Freeport's Lode of Trouble
The U.S. company's link to ousted Indonesian President Suharto could jeopardize its primary mining operation
By ADAM ZAGORIN
"Do you know what an F.O.B. is in Washington?" asked James Moffett, chief executive of Freeport McMoRan Copper and Gold, the giant mining company based in New Orleans, in a recent newspaper interview. "It's friends of Bill. That's how you get contracts with the U.S. government. And before that, it was friends of Bush. And before that ..."
Welcome to the one-hand-washes-the-other world of "Jim-Bob" Moffett, a former University of Texas football star, geologist and amateur Elvis-impersonator who built Freeport into a mining behemoth with annual revenues of almost $2 billion. Moffett himself is an F.O.S., or friend of Suharto, the ousted leader of Indonesia. This week's parliamentary election could bring to power reformers long critical of Freeport.

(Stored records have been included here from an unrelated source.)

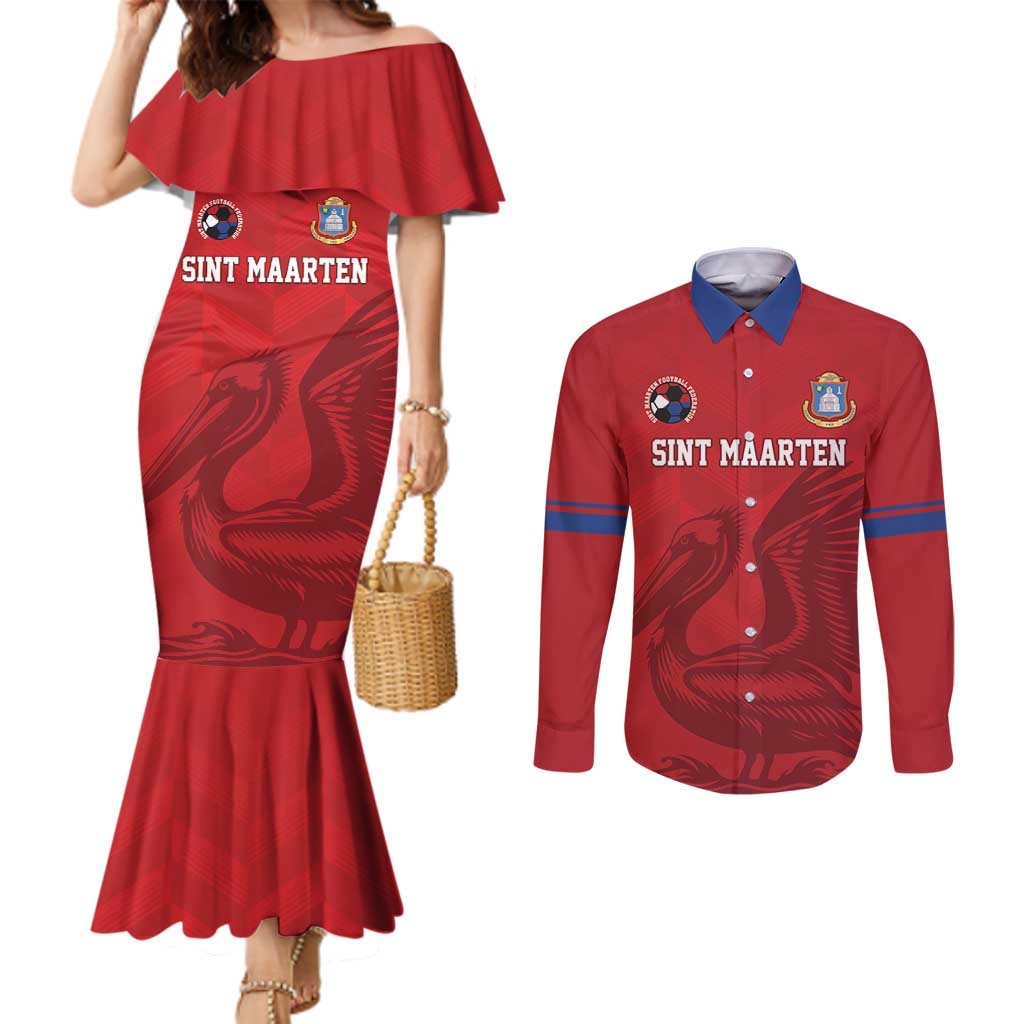 Custom Sint Maarten Football Red Version Couples Matching Mermaid Dress and Long Sleeve Button Shirt Go Champion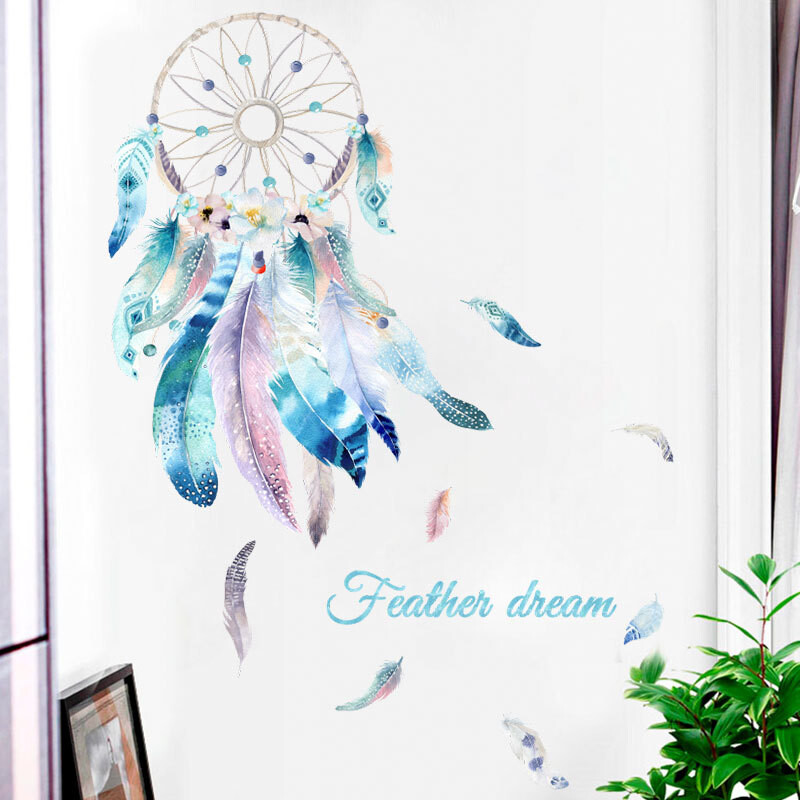 81x59cm Dreamcatcher uklonjive zidne naljepnice Crtani vinilni zidni ukrasi Naljepnice Pozadine za uređenje sobe za djevojčice Dječja spavaća soba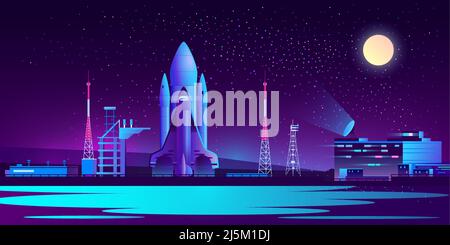 Vector spaceport at night with rocket, control room and radio tower. Science cosmic base, rocket or spaceship ready to launch in ultra violet colors o Stock Vector
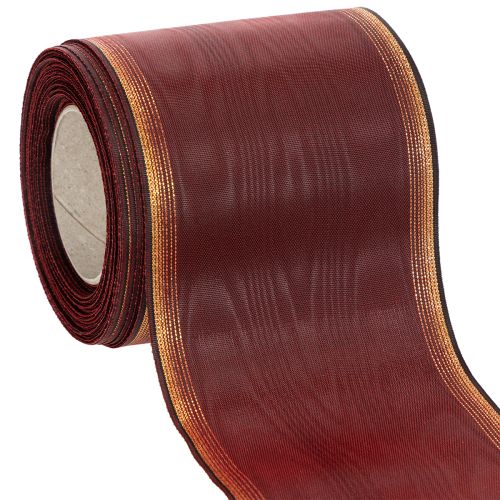 Bordo vainiko juostelė 100mm muaro taftos vestuvių dekoracija pirkti | Floristik24.lt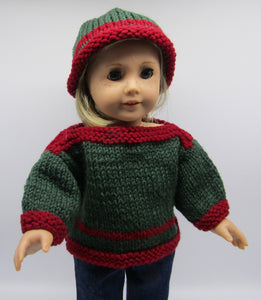 18" Doll Hand Knitted Sweater & Hat: Forest Green & Burgundy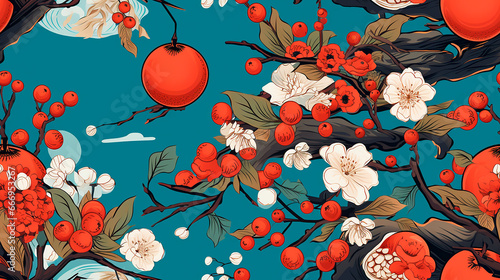 Patron estilo japones - Ilustracion flores inspiracion asiatica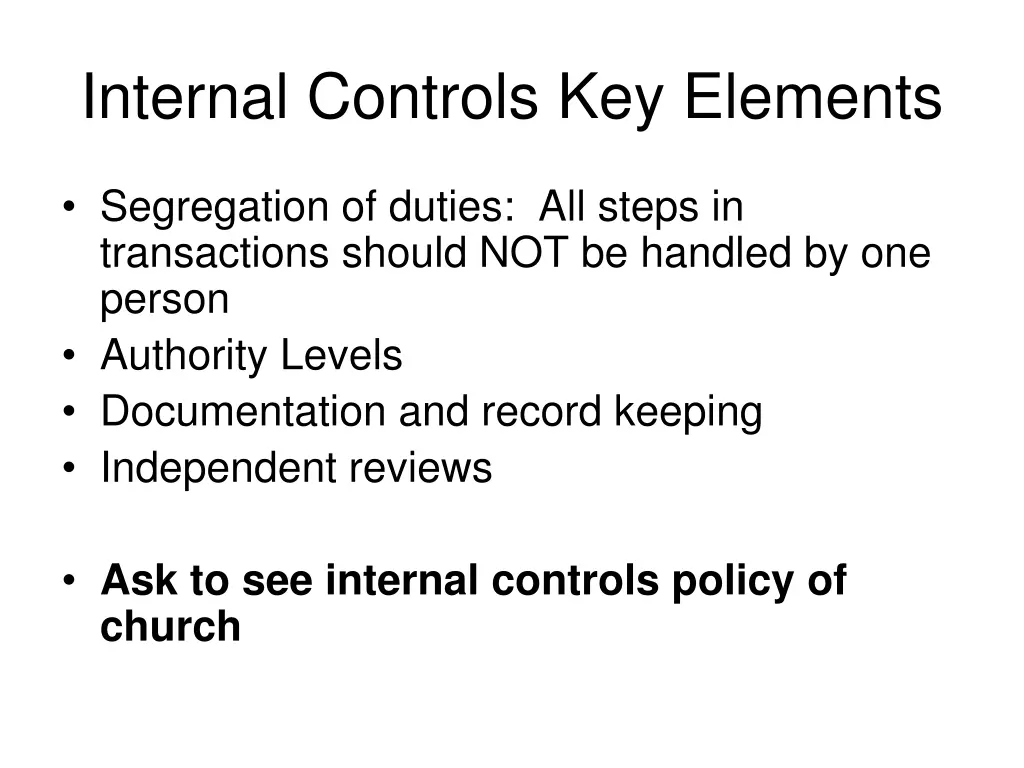 internal controls key elements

Indonesia is the site of Freeport's most important asset, the Grasberg open-pit mine, developed under the auspices of the Suharto regime. A giant crater scooped out of a mountainside in the jungles of Irian Jaya, on the Indonesian half of the island of New Guinea, the $60 billion mother lode contains one of the world's largest single deposits of copper and gold.
Moffett's Dale Carnegie routine worked wonders when Suharto ran the show. There were afternoons of golf with the ruler and friendships with his family and business cronies. Indeed, Suharto interests own a multimillion-dollar stake in the Grasberg mine, which surely did not hurt Moffett's effort to maintain mining rights there on favorable terms. The deal was so sweet, in fact, that Freeport has long been the world's lowest-cost producer of copper, a key industrial metal.
But since Suharto's ouster a year ago, Freeport's future in Indonesia has been called into question. The company's status and the allocation of its royalty payments have become a campaign issue. The company has denied any illegal behavior and notes that Freeport is one of Indonesia's largest taxpayers. "It would be unusual if [we] did not maintain a close business relationship with the government of Indonesia and its officials, including then President Suharto," it says. Fair enough, but in April, Standard & Poor's lowered its rating on $3.3 billion worth of Freeport debt and preferred stock, citing the firm's ties to Suharto and the possibility that it could face "retribution [and] reprisals."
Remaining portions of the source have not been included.